What the task requires
Return every line from the listing where the word "image" occurs.
*** Opening of Task material ***
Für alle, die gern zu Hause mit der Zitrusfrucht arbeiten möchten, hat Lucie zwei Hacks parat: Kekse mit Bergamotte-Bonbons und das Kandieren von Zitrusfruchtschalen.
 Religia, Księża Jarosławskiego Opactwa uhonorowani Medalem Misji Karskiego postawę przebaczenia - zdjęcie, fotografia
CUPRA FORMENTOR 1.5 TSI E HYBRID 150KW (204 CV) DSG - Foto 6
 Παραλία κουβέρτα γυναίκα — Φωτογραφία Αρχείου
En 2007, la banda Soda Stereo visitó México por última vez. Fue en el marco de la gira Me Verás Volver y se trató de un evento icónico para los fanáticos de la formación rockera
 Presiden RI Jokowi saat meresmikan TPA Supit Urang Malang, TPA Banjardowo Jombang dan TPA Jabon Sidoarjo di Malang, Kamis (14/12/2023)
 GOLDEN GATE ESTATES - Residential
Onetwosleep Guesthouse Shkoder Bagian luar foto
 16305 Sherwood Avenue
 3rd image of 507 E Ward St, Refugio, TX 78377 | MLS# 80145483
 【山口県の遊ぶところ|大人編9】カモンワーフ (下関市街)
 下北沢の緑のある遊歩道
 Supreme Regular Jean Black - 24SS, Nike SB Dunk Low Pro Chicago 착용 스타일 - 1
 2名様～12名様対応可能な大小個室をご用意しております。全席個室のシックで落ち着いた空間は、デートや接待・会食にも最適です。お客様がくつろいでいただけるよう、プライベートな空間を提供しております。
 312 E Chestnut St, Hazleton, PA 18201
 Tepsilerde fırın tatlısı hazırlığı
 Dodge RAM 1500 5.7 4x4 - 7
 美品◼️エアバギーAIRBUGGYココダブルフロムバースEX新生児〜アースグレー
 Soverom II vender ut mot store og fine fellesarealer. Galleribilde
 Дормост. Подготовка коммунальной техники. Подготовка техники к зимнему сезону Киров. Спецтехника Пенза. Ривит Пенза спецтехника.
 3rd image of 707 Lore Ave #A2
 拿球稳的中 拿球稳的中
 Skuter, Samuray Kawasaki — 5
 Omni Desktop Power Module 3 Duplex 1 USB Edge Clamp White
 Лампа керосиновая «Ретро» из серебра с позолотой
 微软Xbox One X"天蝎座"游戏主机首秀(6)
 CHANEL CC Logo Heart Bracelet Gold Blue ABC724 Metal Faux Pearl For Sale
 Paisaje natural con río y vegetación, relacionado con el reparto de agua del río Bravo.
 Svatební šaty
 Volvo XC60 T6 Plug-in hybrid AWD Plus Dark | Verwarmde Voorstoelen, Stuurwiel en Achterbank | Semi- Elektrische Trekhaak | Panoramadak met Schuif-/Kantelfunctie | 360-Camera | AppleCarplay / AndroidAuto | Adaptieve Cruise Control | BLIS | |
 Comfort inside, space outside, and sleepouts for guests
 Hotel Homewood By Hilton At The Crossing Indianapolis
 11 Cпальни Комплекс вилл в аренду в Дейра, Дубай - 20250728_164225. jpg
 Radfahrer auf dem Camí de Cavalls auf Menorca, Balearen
*** Close of Task material ***
Response area
 3rd image of 507 E Ward St, Refugio, TX 78377 | MLS# 80145483
 3rd image of 707 Lore Ave #A2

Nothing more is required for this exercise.